10. Developed countries should eliminate tariffs (e.g. on processed timber) that discourage value-added production of wood in exporting countries and lead to increased logging for the purpose of increasing foreign exchange receipts of a timber-exporting country.

11. Commercial creditor banks and creditor governments should consider pursuing debt-for-nature swaps in support of tropical forests. Recent schemes of debt-for-nature swaps, although quite modest in financial terms, may hold considerable potential for the protection of tropical forests and other forest areas in developing countries.

a) While there has not yet been a relinquishment of claims by commercial creditor banks, banks should actively examine the potential of debt-for-nature swaps in lieu of complete or partial write-offs which might be contemplated for the future. The country concerned would undertake to set aside a well-defined area of forest land and to use the local currency proceeds from such debt conversion to improve conservation and forest management. Such trade-off could not only have beneficial effects for debtor countries and the forests, but also for the image of the banks who would be seen as direct contributors to ecological preservation;

b) Creditor Governments, who have already cancelled outstanding debt to several Governments, especially in sub-Saharan Africa and other least developed countries, should seek through the Paris Club commitments to preserve forests before the announcement of further cancellations or agreement to debt relief packages through rescheduling;

c) International and national aid agencies as well as non-governmental organizations should consider purchasing (discounted) Government debt notes on secondary markets and subsequently arrange with the Government the cancellation of the nominal debt in exchange for practical ecological forestry conservation.

C. THE NEED TO CONTROL POPULATION GROWTH

12. Population levels exceed the sustainable capacity of land and are a major contributing cause of deforestation in many developing countries. Yet, given the population projections for the next decades the largest pressures lie still ahead. Therefore, developing countries should urgently adopt effective policies aimed at more rapidly slowing down the current high rates of population growth, especially in view of the effects of a growing population and their pattern of settlement on food, housing requirements and energy (80% drawn from fuelwood). It should be borne in mind that even if population growth rates were to continue to fall in the near future, the population of many developing countries would triple or quadruple and would thus immensely strain their natural resources and agricultural production.

To help accomplish this modest goal, international population assistance programmes (organizations of the UN system like UNFPA and international non-governmental organizations like IPPF) should be expanded and receive increased financial support from industrialized countries. The World Bank and similar lending institutions should accord higher priority to population and family planning assistance.
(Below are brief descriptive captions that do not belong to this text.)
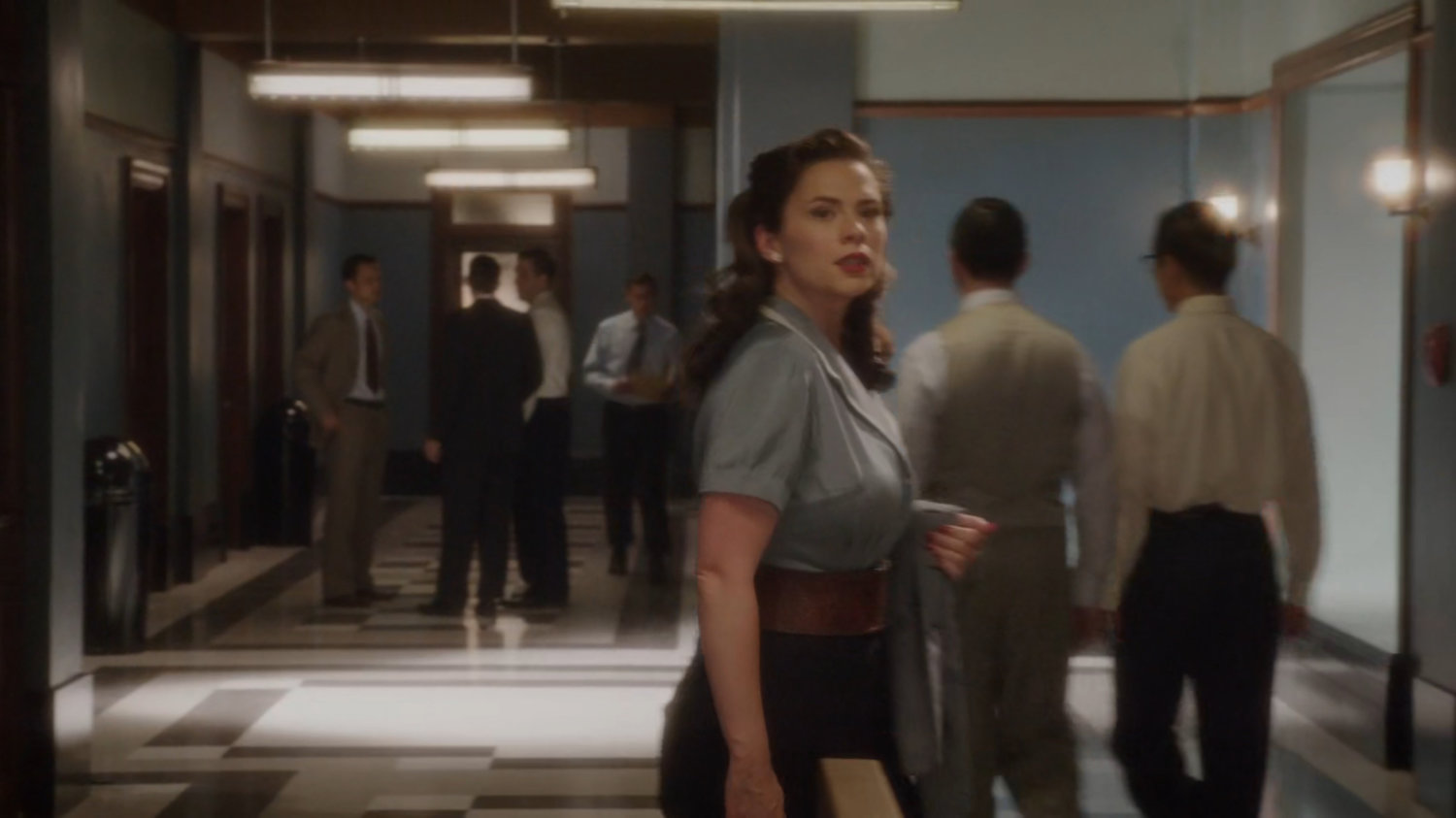 Peggy in the Los Angeles SSR offices.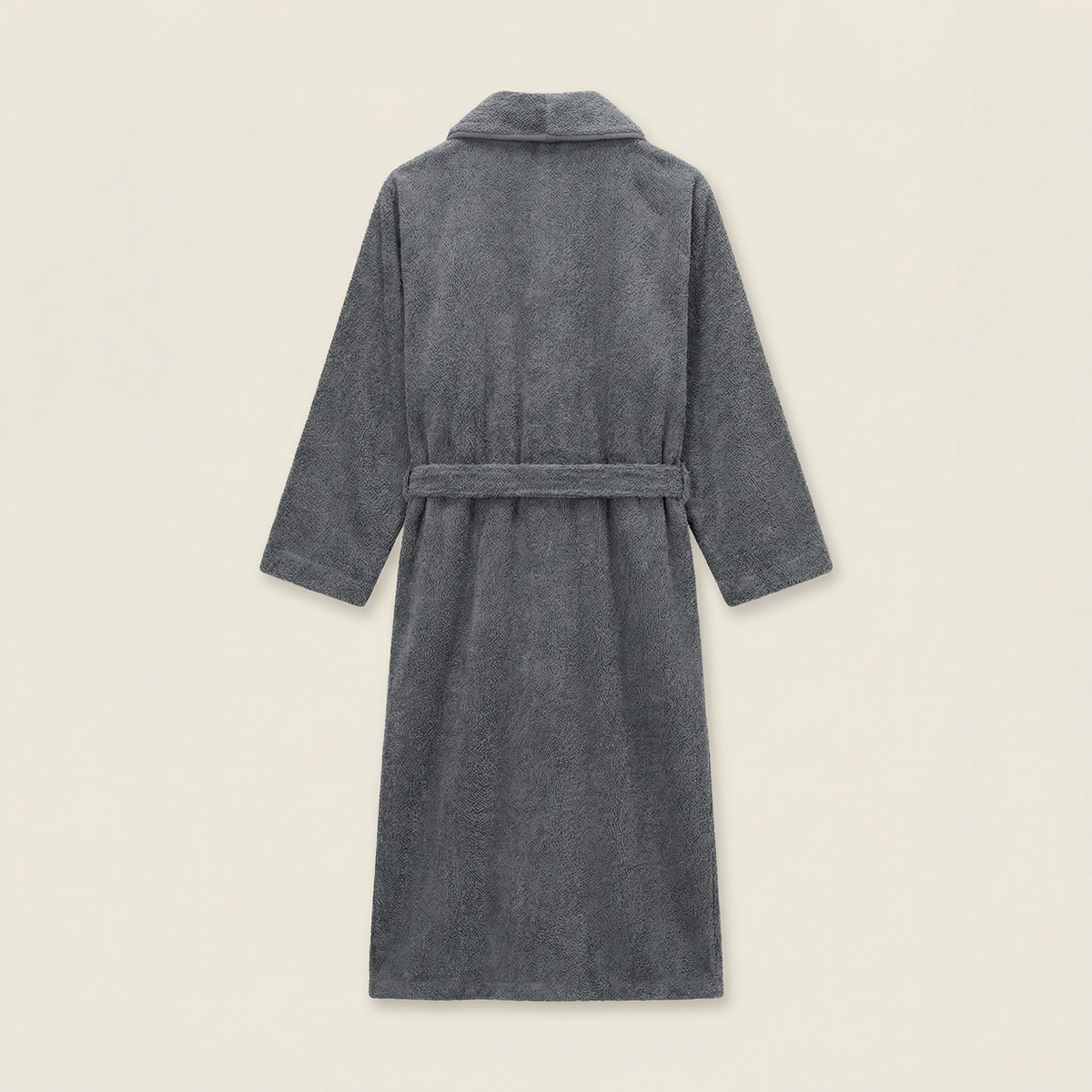 Peignoir Polaire Long Col Châle Confort Hiver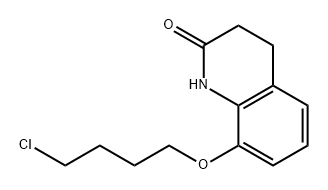 3,4-二氢-8-(4-氯丁氧基)-2-(1H)-喹啉酮 结构式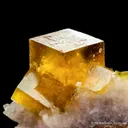 Fluorite on Quartz - image 1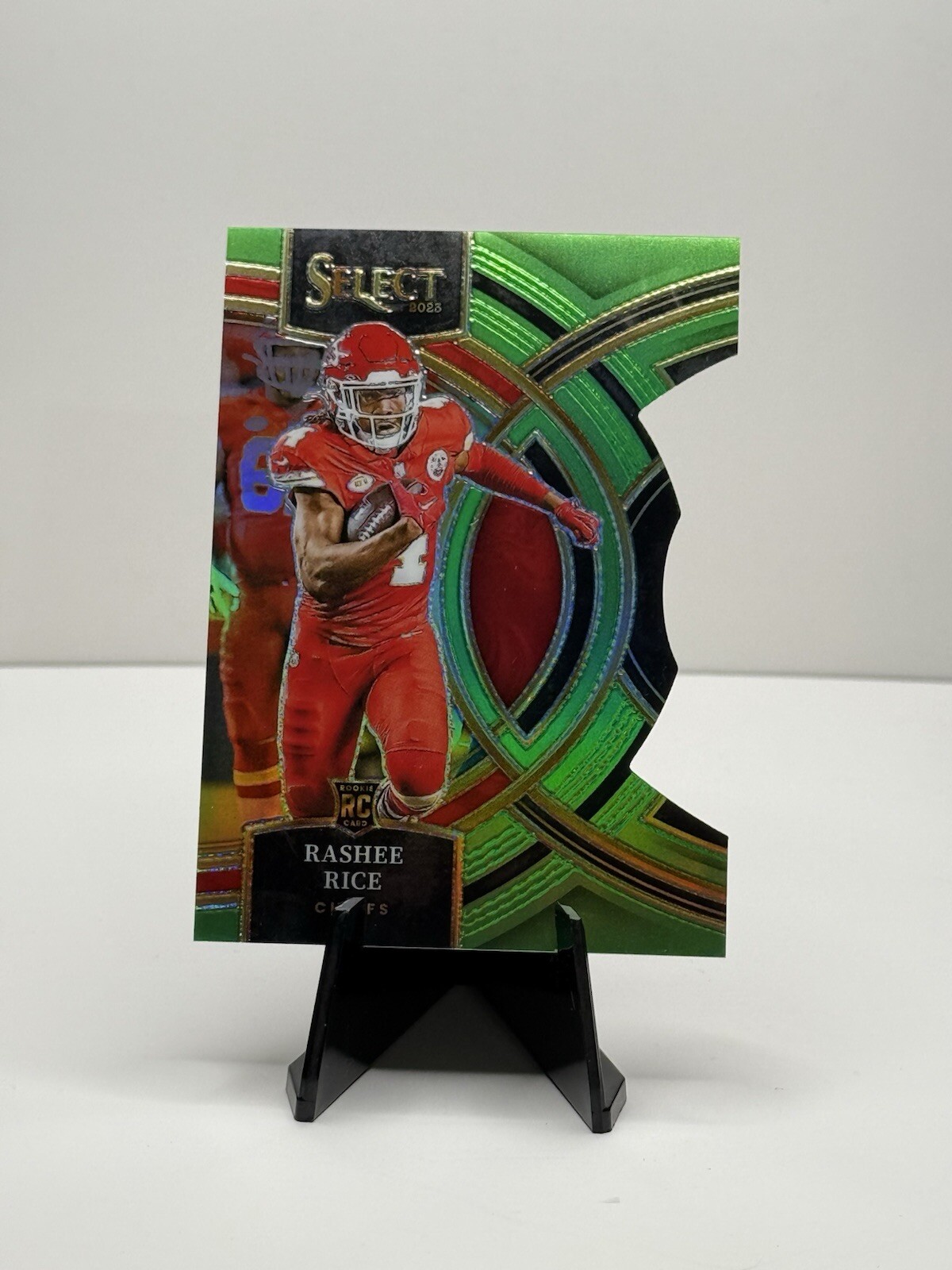 2023 PANINI SELECT RASHEE RICE# 132 ROOKIE NEON GREEN DIE-CUT 98/499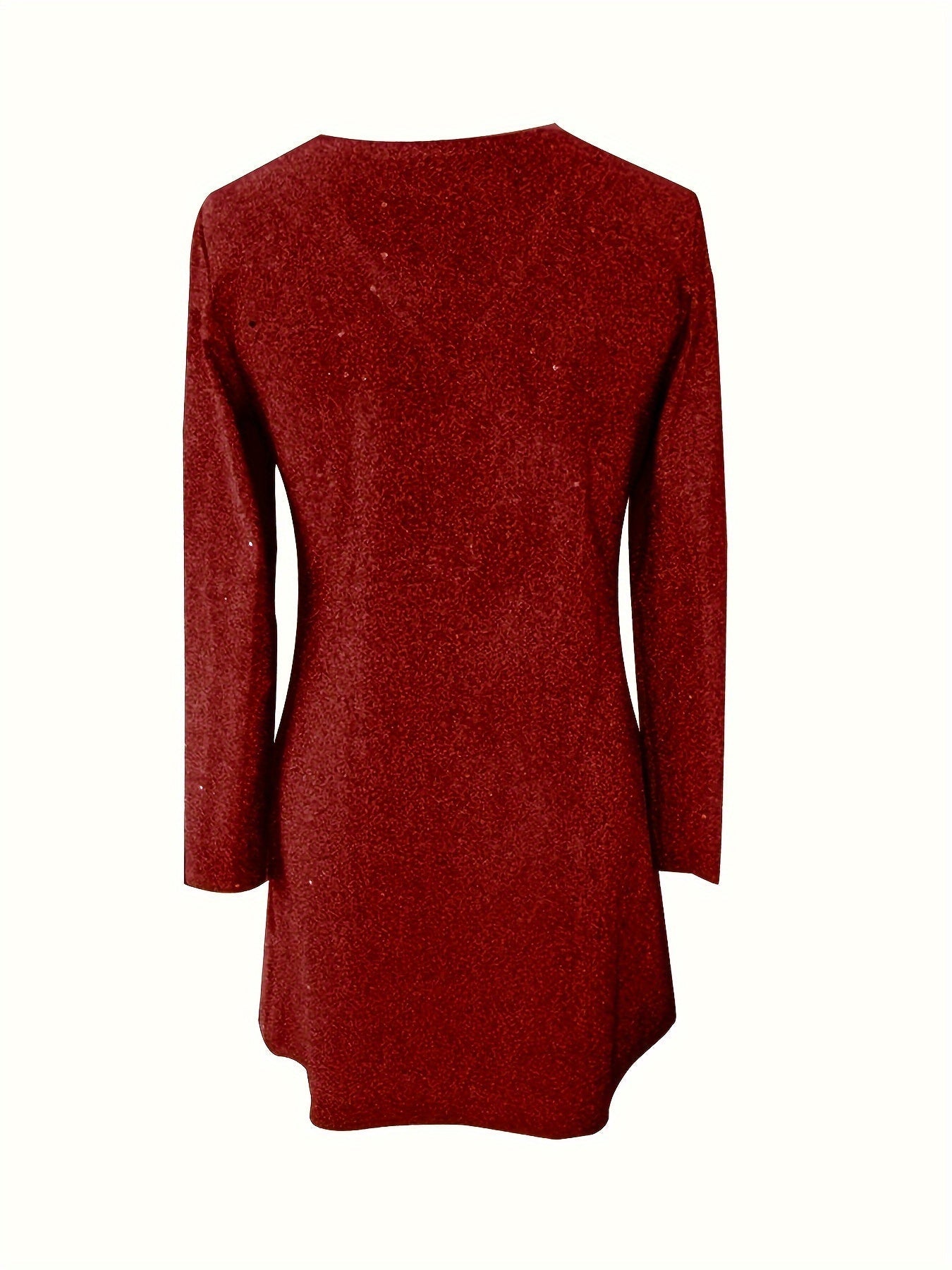Madison | Glamorous Glitter V Neck Cocktail Dress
D. MEASURES TO PROTECT THE TEMPERATE FORESTS

13. The rising concentration of CO2 in the atmosphere could be tempered through an expansion of the forest areas in middle-altitude/temperate regions, utilizing current agricultural farmland. This may be accomplished by regions, utilizing current agricultural farmland. This may also be accomplished by direct financial incentives, e.g. by revising the current agricultural price guarantee schemes of the European Community to include reforestation activities. The conversion of non-forest land into forests should therefore be pursued with determination. In the process, some millions of hectares of new forest might be gained between 1990 and the year 2000.

14. Moreover; Governments, international organizations, the private sector and the scientific community should formulate and commit themselves to the full implementation of a comprehensive forestry action plan to reduce significantly environmental degradation and forest damage caused by long-range transport of air pollutants. This action plan should:

a) set standards for strict controls and monitoring of air pollution;

b) contain an analysis of the consequences of transboundary pollution;

c) Provide guidance for reforestation programmes and future management of forest resources;

d) integrate wood and non-wood benefits, to the extent possible in quantified terms.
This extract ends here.